Almost all the gains from growth have gone to the top. As noted, the average worker today is no better off than his or her equivalent 40 years ago, adjusted for inflation. Most are less economically secure.

Not incidentally, few own any shares of stock.

The richest 1 percent of Americans now own 52 percent of all the shares of stock owned by Americans. The richest 10 percent, 93 percent. The nation’s economic gains, once distributed broadly to the working and middle class — have been siphoned to the top.

2. Globaloney

Wages have also been suppressed because workers who are worried about keeping their jobs have accepted lower pay, relative to the economy’s productivity gains, than they did 40 years ago.

Here again, political decisions steered by the nation’s oligarchy have played a significant role. Some of the prevailing job insecurity is the result of trade agreements that invited American companies to outsource jobs abroad.

The conventional view equating “free trade” with the “free market” — in contrast to government “protectionism” — is wrong.

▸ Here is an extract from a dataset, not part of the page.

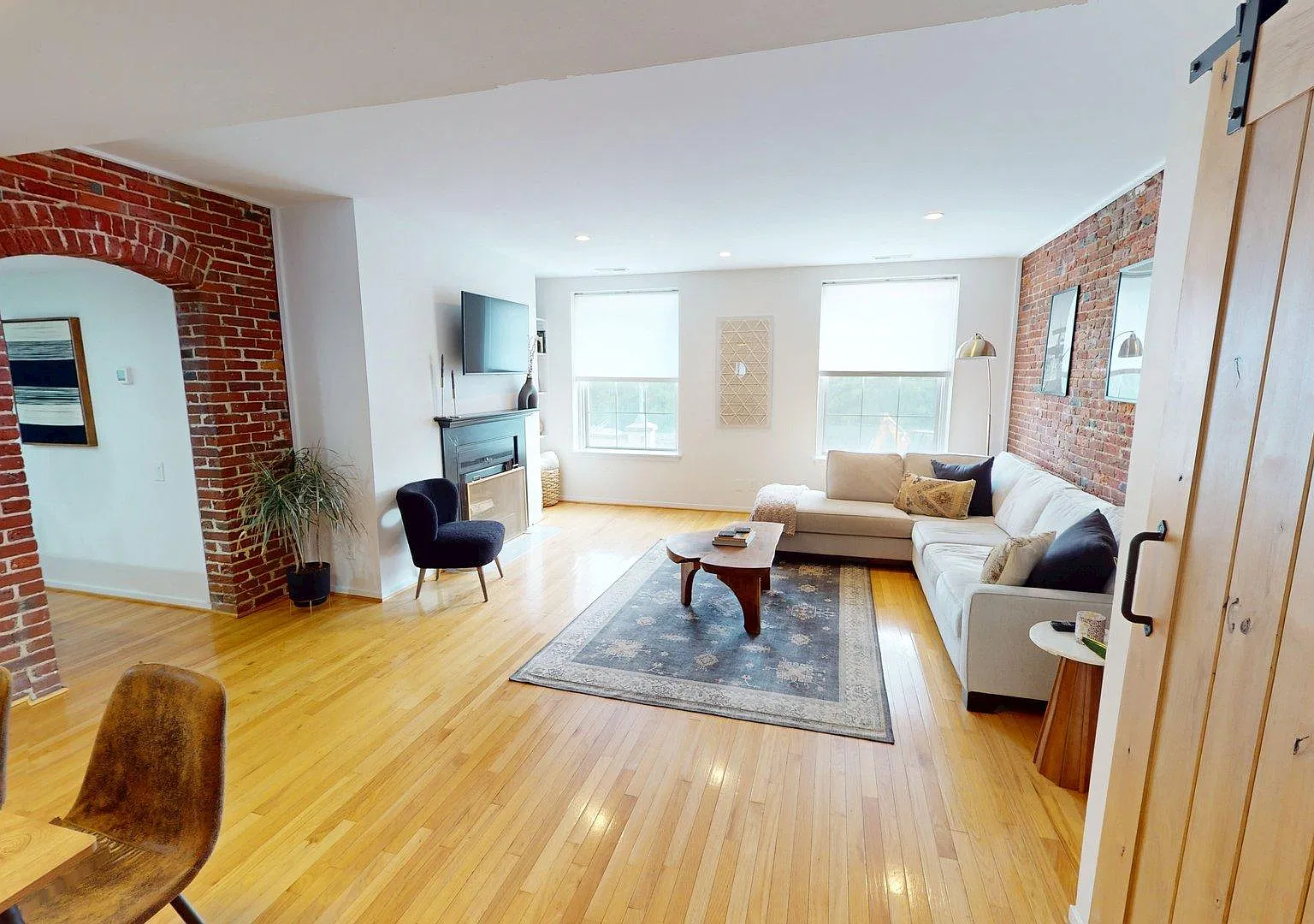 1 bed, 799 sqft, $2,395 — Photo 4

Just as all nations’ markets reflect political decisions about how they should be organized, so-called “free trade” agreements entail complex negotiations about how different market systems are integrated.

Within these negotiations, the interests of large corporations and Wall Street, to fully protect the value of their intellectual property and financial assets, have repeatedly trumped the interests of average working Americans to protect the value of their labor.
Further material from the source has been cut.